Irgend jemand trommelt immer in Afrika. Diese Kraft, dieser Lärm, dieser Rhythmus – das alles wirkt ansteckend und belebend. Doch muss das unbedingt in den frühen Morgenstunden geschehen? Muss das Spektakel ausgerechnet dann über die Bühne gehen, wenn ich ausgestreckt im Bett liege und Träumen nachhänge, die ich an dieser Stelle gar nicht erläutern möchte?
Ändern kann ich es kaum. Schlaftrunken taste ich mich im dunklen Zimmer zur Toilette und suche nach dem Lichtschalter. Draussen trommelt es noch immer und etwas, was mit vergangenen Träumen zu tun haben könnte, behindert mich während einer Tätigkeit, die man nach dem Schlafen als erstes so macht.

Guten Morgen Kamerun!

Draussen regnet es. Ich blicke auf eine rot gefärbte Landschaft die aussieht, wie ein schlecht gewarteter Tennisplatz am Ende der Saison. Beim Tennisplatz endet der Sand spätestens in der Duschkabine, hier liegt er überall. Die Trommler trommeln, die Fahrer hupen, die Handwerker im Zimmer über mir hämmern. Jetzt fehlen nur noch die bunten Plastiktrompeten und die Afrika-Symphonie wäre perfekt.

Bonjour Yaoundée!

Der Frühstücksraum ist gut besetzt, das Buffet üppig beladen. Als Freund frischer Backwaren bin ich genau richtig. Hier sind die Brote nach französischem Rezept hergestellt und nicht nach chemischen Formeln wie bei uns. Die Eierspeise lasse ich beiseite, ich möchte heute Nacht noch nach Hause fliegen.
Die Angestellten kennen mich. Ich war gestern Morgen schon da und gestern Abend auch. Unüblich für Besatzungsmitglieder, dass sie am Abend im Hotel essen. Das gehört sich irgendwie nicht, warum weiss kein Mensch. Grund genug, die ungeschriebenen Gesetze einmal zu brechen. Ich kann es gleich vorwegnehmen, das Essen mundete ausgezeichnet, wenn es auch soviel kostete, wie ein Angestellter hier im Monat verdient. Sympathisch auch, wie sich die Leute um mich kümmerten. Der Kellner präsentierte die Speisen in den Kochtöpfen und eine einzelne Kakerlake verkroch sich unter dem Behälter mit dem Rindfleischragout. Wer jeden Abend hier isst kann nicht irren und so entschied ich mich für eben dieses Ragout. Eine ausgezeichnete Wahl übrigens.

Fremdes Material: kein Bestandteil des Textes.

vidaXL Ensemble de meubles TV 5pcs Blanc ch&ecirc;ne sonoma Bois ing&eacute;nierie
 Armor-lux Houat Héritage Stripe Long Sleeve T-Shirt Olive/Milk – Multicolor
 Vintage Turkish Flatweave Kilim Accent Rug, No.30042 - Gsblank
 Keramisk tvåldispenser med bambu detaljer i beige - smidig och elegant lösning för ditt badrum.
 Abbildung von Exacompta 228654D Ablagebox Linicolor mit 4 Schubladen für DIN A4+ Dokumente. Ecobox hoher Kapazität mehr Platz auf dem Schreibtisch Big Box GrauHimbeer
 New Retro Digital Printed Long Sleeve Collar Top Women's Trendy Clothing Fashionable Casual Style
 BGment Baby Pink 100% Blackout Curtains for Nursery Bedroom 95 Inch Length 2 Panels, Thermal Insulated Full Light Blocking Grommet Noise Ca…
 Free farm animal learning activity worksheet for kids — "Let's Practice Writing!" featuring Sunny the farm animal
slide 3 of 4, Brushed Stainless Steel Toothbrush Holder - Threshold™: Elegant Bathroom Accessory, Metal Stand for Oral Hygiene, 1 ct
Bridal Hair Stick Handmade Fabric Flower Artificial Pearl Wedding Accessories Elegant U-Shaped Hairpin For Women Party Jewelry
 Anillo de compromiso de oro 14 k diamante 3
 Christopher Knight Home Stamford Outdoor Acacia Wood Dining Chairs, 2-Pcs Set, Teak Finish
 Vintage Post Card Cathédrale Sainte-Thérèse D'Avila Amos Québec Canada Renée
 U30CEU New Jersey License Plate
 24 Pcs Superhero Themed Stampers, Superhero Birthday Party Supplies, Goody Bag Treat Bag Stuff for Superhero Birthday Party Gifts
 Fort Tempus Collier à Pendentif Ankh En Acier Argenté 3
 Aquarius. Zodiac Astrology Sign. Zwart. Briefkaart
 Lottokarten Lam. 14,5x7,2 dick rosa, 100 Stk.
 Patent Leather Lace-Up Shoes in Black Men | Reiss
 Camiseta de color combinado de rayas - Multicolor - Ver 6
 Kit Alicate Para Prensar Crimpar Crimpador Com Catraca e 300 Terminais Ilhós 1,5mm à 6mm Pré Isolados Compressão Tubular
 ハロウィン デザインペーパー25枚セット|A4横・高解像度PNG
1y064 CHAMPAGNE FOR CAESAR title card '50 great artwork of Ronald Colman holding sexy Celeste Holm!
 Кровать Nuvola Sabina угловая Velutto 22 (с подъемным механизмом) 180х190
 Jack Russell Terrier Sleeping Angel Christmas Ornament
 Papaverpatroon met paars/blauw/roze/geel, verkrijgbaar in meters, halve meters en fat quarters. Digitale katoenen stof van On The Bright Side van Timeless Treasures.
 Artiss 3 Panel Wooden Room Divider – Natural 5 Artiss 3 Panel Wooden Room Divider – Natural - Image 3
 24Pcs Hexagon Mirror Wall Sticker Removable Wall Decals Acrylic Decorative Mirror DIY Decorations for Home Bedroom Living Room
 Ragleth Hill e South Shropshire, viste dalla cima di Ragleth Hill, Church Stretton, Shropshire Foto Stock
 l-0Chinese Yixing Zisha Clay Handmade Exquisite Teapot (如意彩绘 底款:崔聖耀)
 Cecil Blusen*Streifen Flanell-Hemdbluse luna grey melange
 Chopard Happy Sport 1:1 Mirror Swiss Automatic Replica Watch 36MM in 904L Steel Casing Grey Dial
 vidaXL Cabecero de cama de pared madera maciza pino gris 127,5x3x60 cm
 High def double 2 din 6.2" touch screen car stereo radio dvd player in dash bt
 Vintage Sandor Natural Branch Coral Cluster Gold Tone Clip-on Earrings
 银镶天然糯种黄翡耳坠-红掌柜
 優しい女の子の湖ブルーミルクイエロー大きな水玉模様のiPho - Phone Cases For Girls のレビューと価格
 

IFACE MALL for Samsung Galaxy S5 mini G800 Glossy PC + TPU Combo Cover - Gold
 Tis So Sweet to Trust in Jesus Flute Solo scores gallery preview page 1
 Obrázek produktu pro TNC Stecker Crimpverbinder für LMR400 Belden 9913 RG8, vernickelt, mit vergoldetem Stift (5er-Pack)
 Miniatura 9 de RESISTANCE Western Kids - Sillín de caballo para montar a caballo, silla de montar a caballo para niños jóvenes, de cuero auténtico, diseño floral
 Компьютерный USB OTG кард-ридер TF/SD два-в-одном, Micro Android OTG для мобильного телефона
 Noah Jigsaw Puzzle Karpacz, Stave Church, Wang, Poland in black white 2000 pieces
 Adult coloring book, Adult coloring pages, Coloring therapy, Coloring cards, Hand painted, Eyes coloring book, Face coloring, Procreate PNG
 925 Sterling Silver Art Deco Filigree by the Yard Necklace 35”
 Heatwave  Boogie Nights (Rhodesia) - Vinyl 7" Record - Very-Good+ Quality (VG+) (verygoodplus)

Zurück zum Frühstück. Der Saal ist voll, Geschäftsleute stärken sich vor dem hektischen Arbeitstag. Wie überall in Afrika, sind chinesische Gesichter zahlreich vertreten. Diese Volksgruppe liebt ihre Handys noch mehr als unsere jungen Flugbegleiterinnen ihre Kommunikationsgeräte. Mit dem Unterschied allerdings, dass die Telefone in einer Lautstärke klingeln, die eigentlich für Förster im Kettensägeeinsatz entwickelt wurden. Und es ist nicht einfach ein Klingeln, es ist die Lieblingsmelodie des Besitzers. Dann schon lieber Trommelwirbel!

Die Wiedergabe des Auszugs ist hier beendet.